Somali Islamists say they will attack Kenya if it goes ahead with plans to train 10,000 government troops.
"We will order all our holy warriors to start the jihadi war inside Kenya," said spokesman Sheikh Muktar Robow.
Foreign Affairs Minister Moses Wetangula has been quoted recently offering the training to beleaguered government forces.
The warning comes as insurgents have again battled government troops and peacekeepers in the capital, Mogadishu.
At least five people have been killed, residents and doctors say.
A witness told the BBC there were clashes near an African Union peacekeeping base at the strategic K-4 junction and that mortars were used.

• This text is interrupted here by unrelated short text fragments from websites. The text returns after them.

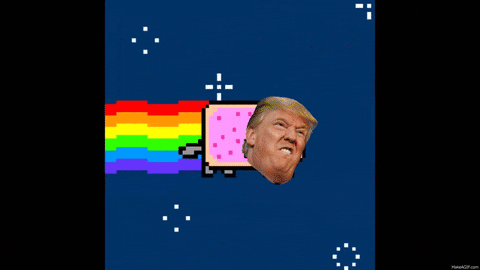 6 Meme Lucu Donald Trump Ini Bikin Ngakak Trending By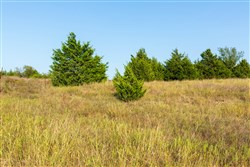 property photo for Canyon Creek Tract 7, 5.67 acres for sale in Lincoln County, Oklahoma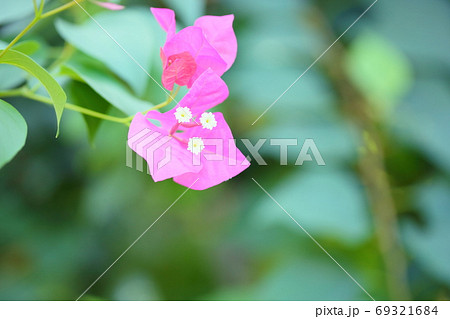 ブーゲンビレアの花 69321684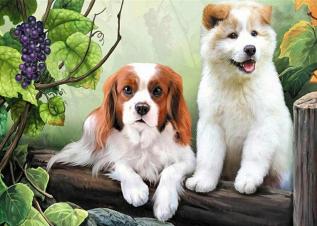 Diamond Painting Canvas 40 x 30 cm, Valpar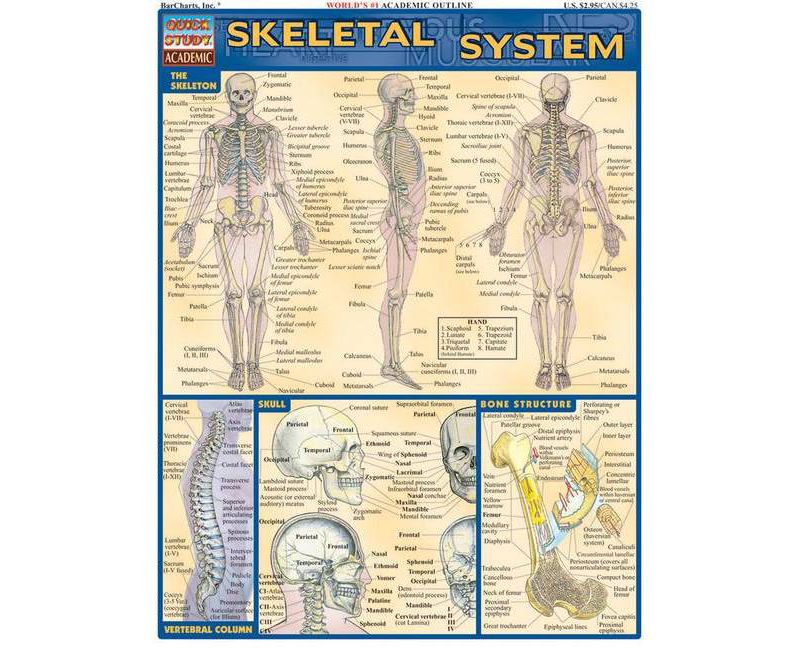 Circuit Analysis - (Quickstudy: Academic) by  Barcharts Inc (Poster)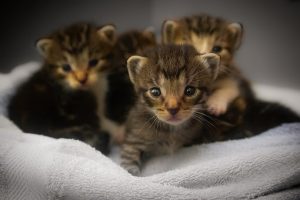 kittens-basket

The Islamists have increasingly targeted the AU peacekeeping force in recent months, as well as the government and their Ethiopian allies.
The K-4 junction is strategically placed in the south of the city linking the airport and the presidential palace, and some AU peacekeepers are based there.
The witness said he could see houses on fire, and heavy gunfire could be heard in the background.
The government is recognised by the international community but correspondents say it only controls a few patches of the country.
Somalia has been without a functioning government since President Mohamed Siad Barre was ousted in 1991.
Ethiopian troops helped the government push Islamist forces from control of central and southern Somalia in late 2006, triggering an insurgency.
The US supports Ethiopia's intervention in Somalia and accuses the Islamists of links to al-Qaeda.
The US says they are sheltering al-Qaeda operatives who attacked Israeli targets in Kenya in 2002.
'Threat'
On Thursday, Ethiopian Prime Minister Meles Zenawi said Ethiopia would review its position in the coming months, but would stay longer if Somali politicians showed "readiness for peace".
Even if Ethiopian troops left, he said, they could still return if the powerful Islamist militia al-Shabab threatened to take power.
"Whenever there's a threat posed, we will come back to break their backs," he said.
"Any government is preferable to the Shabab. It's in the interest of Ethiopia and the Somali people to prevent them from coming to power."
More than three million people - almost half of Somalia's population - need food aid, according to the UN.
Aid agencies recently estimated that 1.1 million people had been uprooted from Mogadishu over the last nine months.
Last weekend, Burundi deployed more than 800 peacekeepers to Somalia, boosting the strength of the AU force to just over 3,000.
But the mission, which is made up of troops from Uganda and Burundi, remains well below the force of 8,000 that the AU originally said it would send.
Mr Meles said Ethiopian troops would remain in Somalia "at least until the African peace force is fully deployed."